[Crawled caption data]
═══

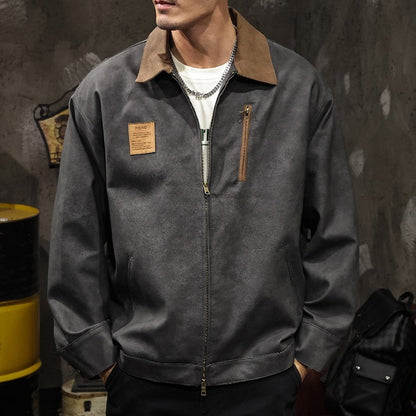 American Retro Motorcycle Jacket A1094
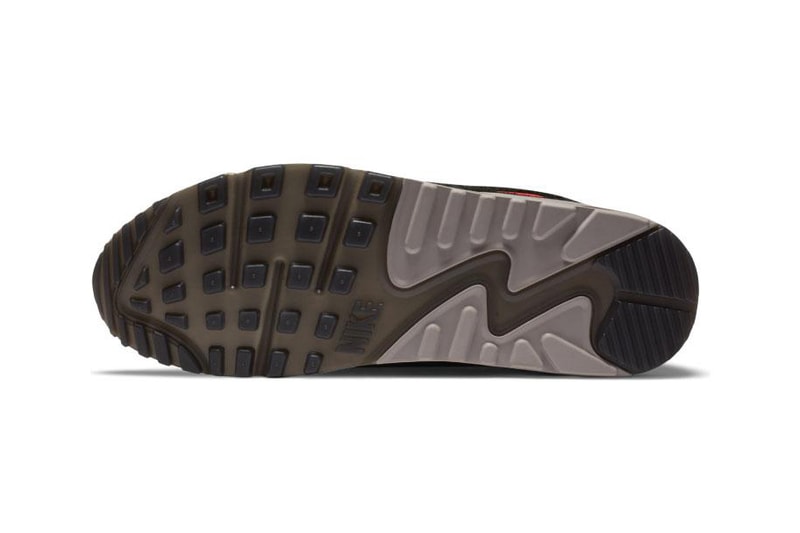 Nike Air Max 90 3M "Light Bone/Black/Total Orange" cz2975-001 AM90 Swoosh Glow Shine Reflective Materials OG Sneaker Shoe Trainer Drop Date Release Information First Closer Look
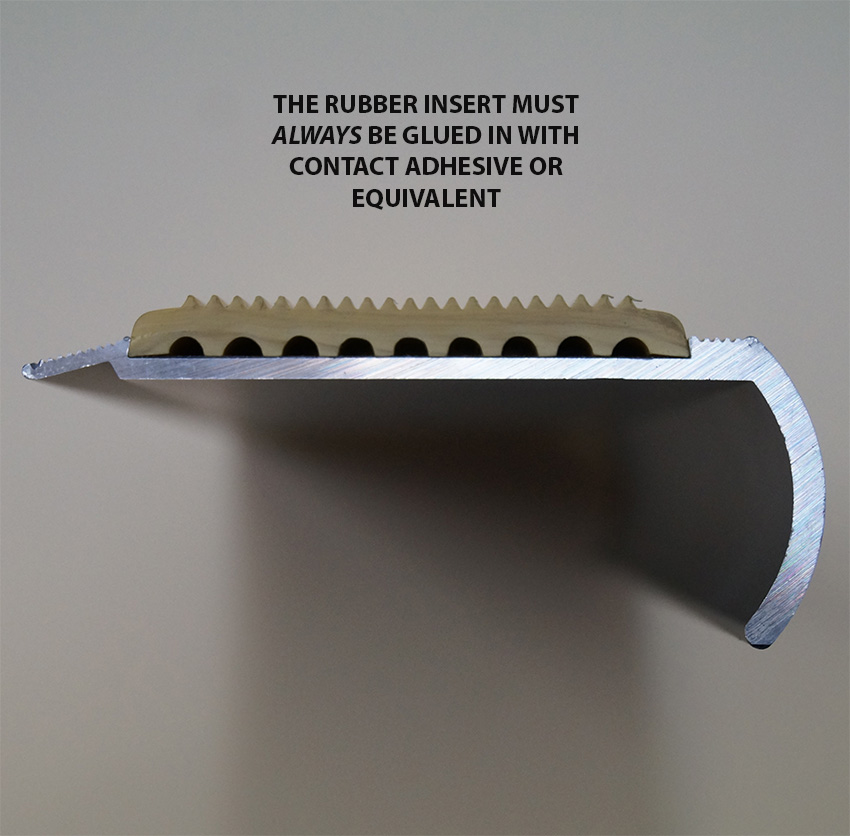  stair-nosing product-details ANODISED-ALUMINIUM-BULLNOSE-STAIR-NOSING-50mm-YELLOW-RUBBER-INSERT-3.66M-LENGTH-model-sn-941YELLOW-MUST-GLUE-IN-WS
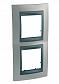 Рамка 2-постовая вертикальная Schneider Electric Unica Top MGU66.004V.239 - фото №1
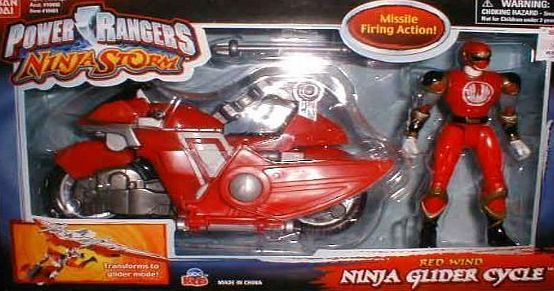 Bandai Power Rangers Ninja Storm Ninja Glider Cycle Red Wind by Bandai
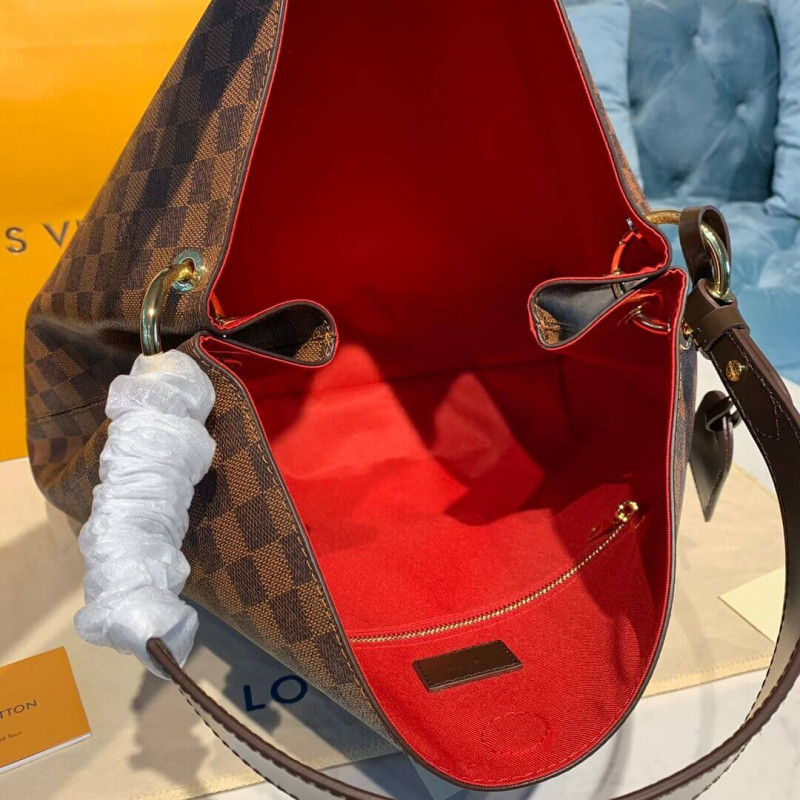 Replica Louis Vuitton Damier Ebene Canvas Graceful Mm N44045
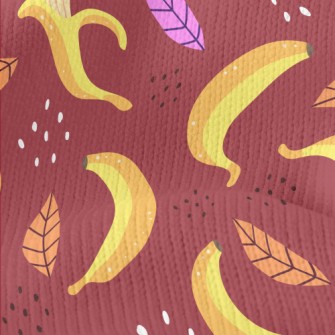 Ripe Banana Leaves Stretch Jersey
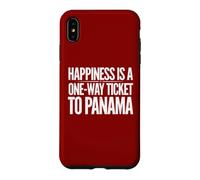 Custodia per iPhone XS Max La felicità è un biglietto di sola andata per Panama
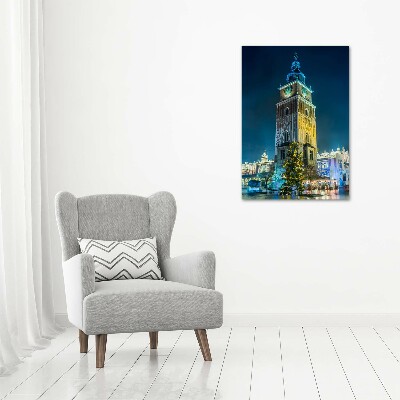 Verticaal schilderij op canvas Krakau, Polen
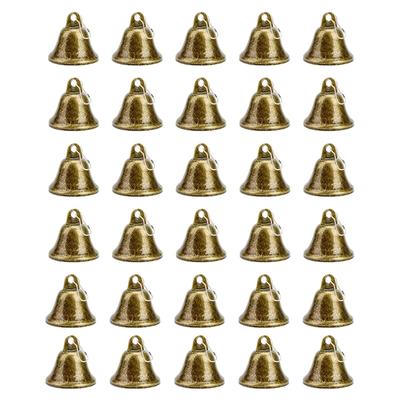 38mm Metal Trumpet Bells With Spring Hook For Easy Attachment Clarity Sound Durable Iron Crafted For Pet Training Craft Decor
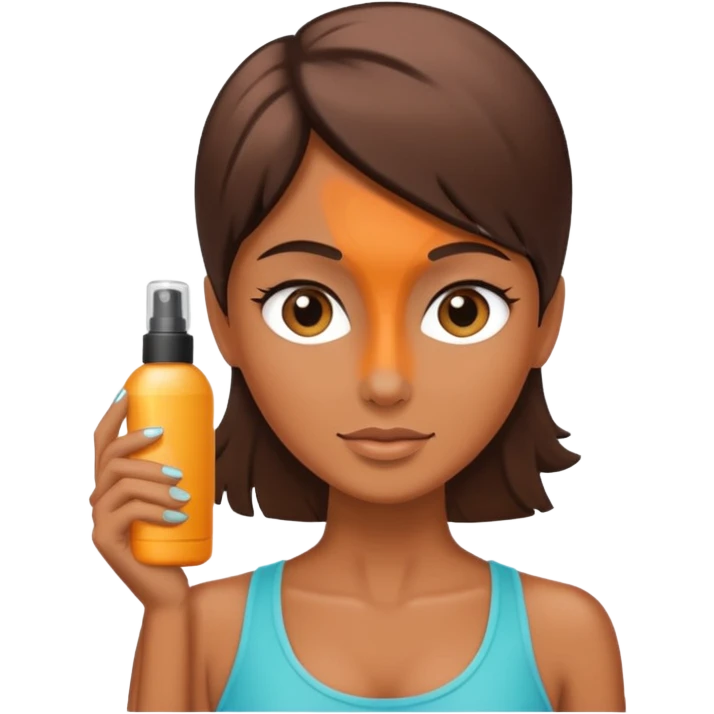spray tan  emoji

═══

## Directions for this task
Leave out the pictures and return the rest of the records exactly.

## Solution for this problem
 American Retro Motorcycle Jacket A1094
 Nike Air Max 90 3M "Light Bone/Black/Total Orange" cz2975-001 AM90 Swoosh Glow Shine Reflective Materials OG Sneaker Shoe Trainer Drop Date Release Information First Closer Look
  stair-nosing product-details ANODISED-ALUMINIUM-BULLNOSE-STAIR-NOSING-50mm-YELLOW-RUBBER-INSERT-3.66M-LENGTH-model-sn-941YELLOW-MUST-GLUE-IN-WS
 Рамка 2-постовая вертикальная Schneider Electric Unica Top MGU66.004V.239 - фото №1
 Bandai Power Rangers Ninja Storm Ninja Glider Cycle Red Wind by Bandai
 Replica Louis Vuitton Damier Ebene Canvas Graceful Mm N44045
 Ripe Banana Leaves Stretch Jersey
 Custodia per iPhone XS Max La felicità è un biglietto di sola andata per Panama
 Verticaal schilderij op canvas Krakau, Polen
 38mm Metal Trumpet Bells With Spring Hook For Easy Attachment Clarity Sound Durable Iron Crafted For Pet Training Craft Decor
spray tan  emoji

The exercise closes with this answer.